A Neti–Neti Decision Procedure for Samāsa Identification: A Context-Based Study of śvetāmbara
Dr. Pijus Kanti Pal
Assistant Coordinator,
Indian Knowledge Systems Division
Ministry of Education,
Government of India, New Delhi
Emails: pal.pijuskanti@gmail.com; asstcoordinator1@iksindia.org
Abstract:
Samāsa (compound formation) is one of the most extensively discussed and time-consuming topics in learning Sanskrit grammar, as encapsulated by the Bengali proverb samāsa lāge chamās (‘samāsa takes six months’). This paper interrogates whether this difficulty is inherent or stems from the topic’s breadth and context-dependence. It argues that analysis is challenging primarily because: (a) the Pāṇinian tradition presents a large search space of categories, (b) a single surface-form often permits multiple valid analyses, and (c) discourse context frequently determines the correct interpretation.

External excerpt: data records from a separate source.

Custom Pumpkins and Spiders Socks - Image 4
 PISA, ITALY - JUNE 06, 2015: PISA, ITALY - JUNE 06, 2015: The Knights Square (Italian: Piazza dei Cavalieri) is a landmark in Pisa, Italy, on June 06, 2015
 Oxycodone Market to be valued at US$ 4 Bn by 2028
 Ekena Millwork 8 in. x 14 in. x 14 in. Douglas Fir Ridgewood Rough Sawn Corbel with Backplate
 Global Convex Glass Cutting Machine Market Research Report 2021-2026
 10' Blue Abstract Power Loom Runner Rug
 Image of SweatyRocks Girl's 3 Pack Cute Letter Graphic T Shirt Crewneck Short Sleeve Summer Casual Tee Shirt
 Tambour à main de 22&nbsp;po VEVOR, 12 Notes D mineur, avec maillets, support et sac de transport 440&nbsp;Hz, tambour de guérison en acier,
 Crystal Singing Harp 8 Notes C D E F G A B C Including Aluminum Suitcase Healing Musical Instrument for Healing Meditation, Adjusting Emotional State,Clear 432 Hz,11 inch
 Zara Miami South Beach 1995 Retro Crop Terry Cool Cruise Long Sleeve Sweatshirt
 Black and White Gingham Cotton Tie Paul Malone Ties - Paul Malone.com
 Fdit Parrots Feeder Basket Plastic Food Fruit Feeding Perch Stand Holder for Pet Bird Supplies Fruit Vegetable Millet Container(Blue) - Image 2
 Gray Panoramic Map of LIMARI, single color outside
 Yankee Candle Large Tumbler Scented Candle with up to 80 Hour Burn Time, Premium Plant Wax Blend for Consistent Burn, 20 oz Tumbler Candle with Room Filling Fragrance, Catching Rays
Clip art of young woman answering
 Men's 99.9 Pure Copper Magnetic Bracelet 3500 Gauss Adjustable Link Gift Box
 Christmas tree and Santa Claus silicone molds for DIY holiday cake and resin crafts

To address this, the paper proposes a rule-guided elimination procedure—an algorithmic approach to samāsa identification. This study introduces a stepwise elimination strategy, resembling neti neti (‘not this, not this’), which systematically narrows candidates using morphological and semantic cues (e.g., avyaya markers, negation, numerals, kāraka-relations, and gender agreement). The compound śvetāmbaraṃ serves as a case study, shown to be a samānādhikaraṇa karmadhāraya (under Aṣṭādhyāyī 2.1.57) in one context and a anyapadārthapradhāna bahuvrīhi (under 2.2.24) in another, with gender-marking aiding disambiguation. The paper provides a curated pedagogical inventory of 44 samāsa categories and 448 annotated examples.